One player the Dodgers had been linked to pretty heavily was Corey Kluber. And while I’m sure they’d love to add him, that seems less and less likely as the days pass. Cleveland has been able to shed payroll by trading Edwin Encarnacion to the Mariners in a 3-way trade on Thursday and Yonder Alonso to the White Sox on Saturday. They were able to save enough money that they might not have to trade Kluber or Trevor Bauer. I mean, they really shouldn’t have had to, but you know how billionaire owners love their money.
So if Kluber is off the table — and it seems like he might be — what’s next for the Dodgers? They don’t necessarily need to add a starting pitcher as they’re about 8-9 deep as it is, but if you have a chance to add a former Cy Young starting pitcher, it’s hard to pass that up.
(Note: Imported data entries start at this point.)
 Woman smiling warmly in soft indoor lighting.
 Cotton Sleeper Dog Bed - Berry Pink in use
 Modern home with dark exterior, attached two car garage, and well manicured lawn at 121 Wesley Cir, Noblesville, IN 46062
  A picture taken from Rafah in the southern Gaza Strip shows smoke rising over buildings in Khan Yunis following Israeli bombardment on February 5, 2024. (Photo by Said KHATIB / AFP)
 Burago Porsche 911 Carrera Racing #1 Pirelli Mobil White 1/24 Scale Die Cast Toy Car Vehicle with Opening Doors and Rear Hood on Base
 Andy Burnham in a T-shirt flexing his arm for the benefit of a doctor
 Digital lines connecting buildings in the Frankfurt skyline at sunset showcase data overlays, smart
They might still try to figure out a way to bring in Yusei Kikuchi, who is on his way to Los Angeles to begin free-agent negotiations with interested teams.
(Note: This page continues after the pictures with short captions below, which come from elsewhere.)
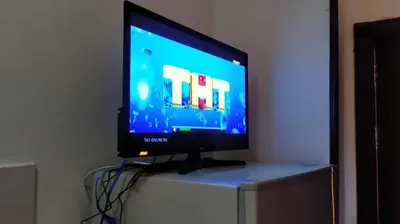 a flat screen tv sitting on top of a dresser at Прекрасная студия в комплексе с бассейном рядом с бесплатным пляжем in Hurghada
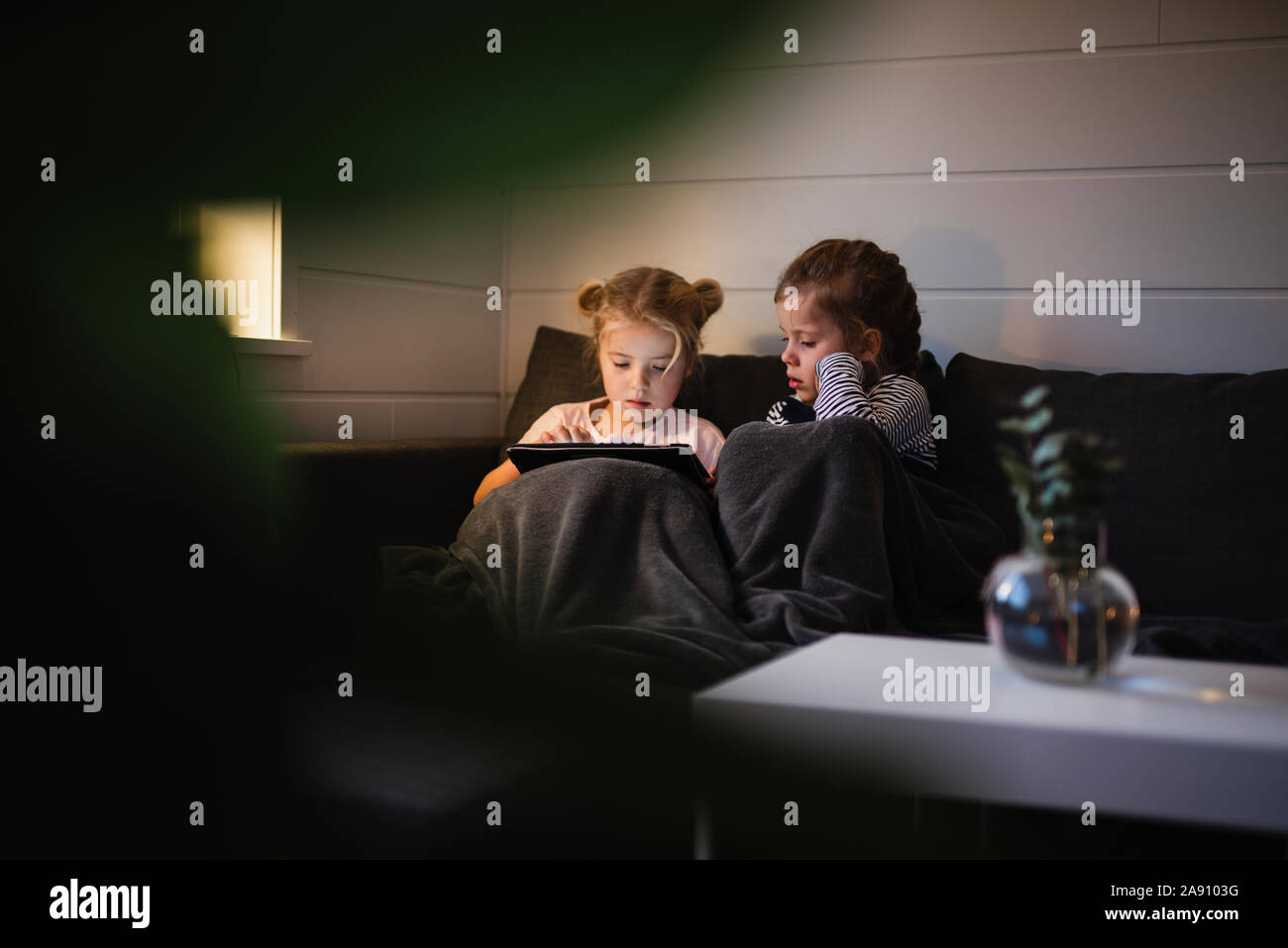 Girls using digital tablet Stock Photo
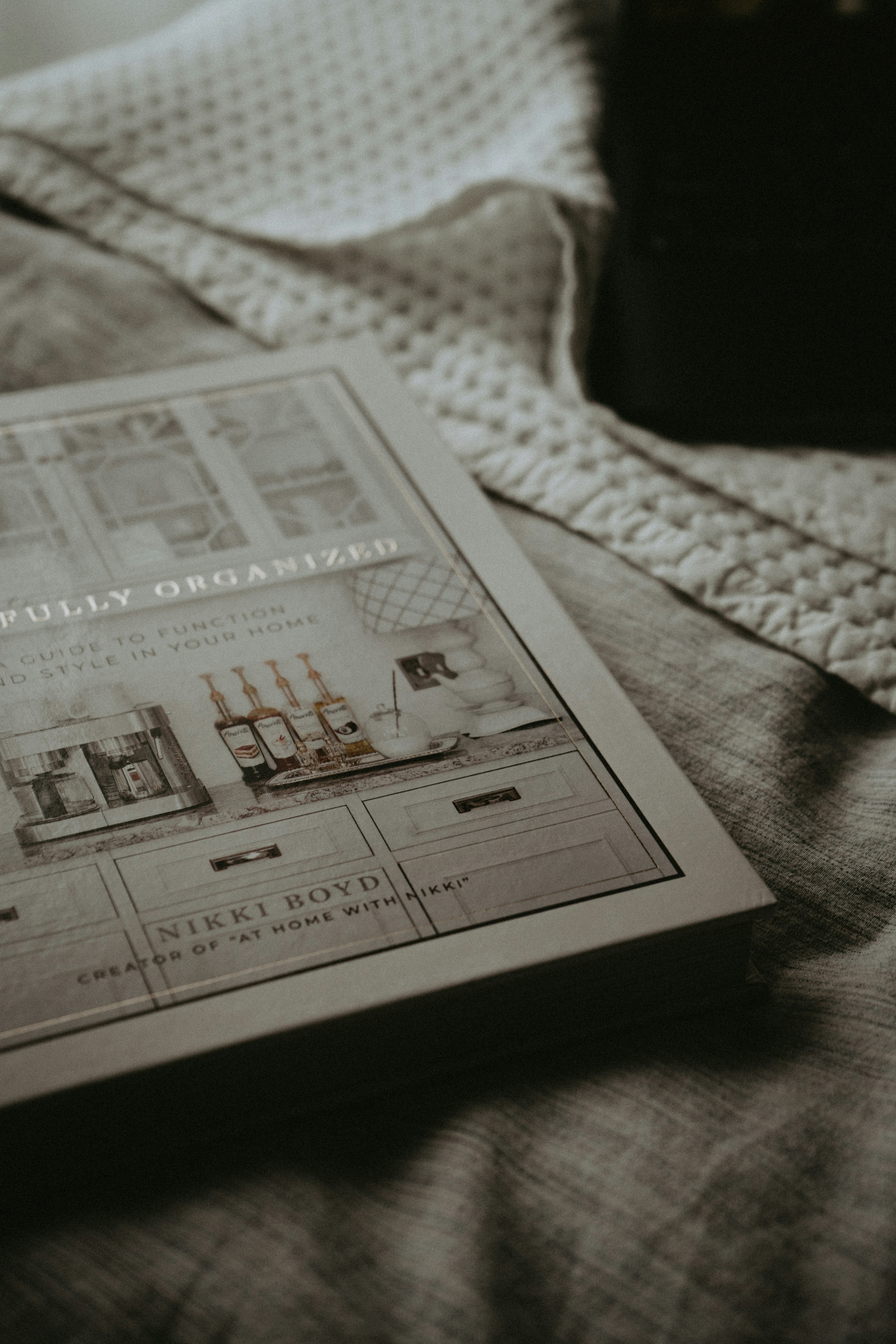 A book sitting on top of a bed next to a camera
There are some internet rumors about Bryce Harper and the Dodgers, but I’m not going to get too excited just yet. Also, you already know where I stand on the Dodgers signing him (DO IT). Let’s set that aside for the moment.
The Dodgers still don’t have either a starting catcher or a guy to pair with Austin Barnes. Francisco Cervelli is still available, and the Dodgers have had trade discussions with the Pirates about him. Wilson Ramos, whom the Dodgers talked to about a 1-year deal, just signed a 2-year, $19 million deal with the Mets. It was a great signing for them, even if Ramos has some injury history and isn’t a terribly good defender behind the plate. The Mets had been rumored to be interested in J.T. Realmuto — even the leading candidate at one point — but with the Ramos signing, they’re out. So, maybe the Dodgers get back into that sweepstakes, provided the asking price comes down. Jon Paul Morosi had the latest on that front on Sunday.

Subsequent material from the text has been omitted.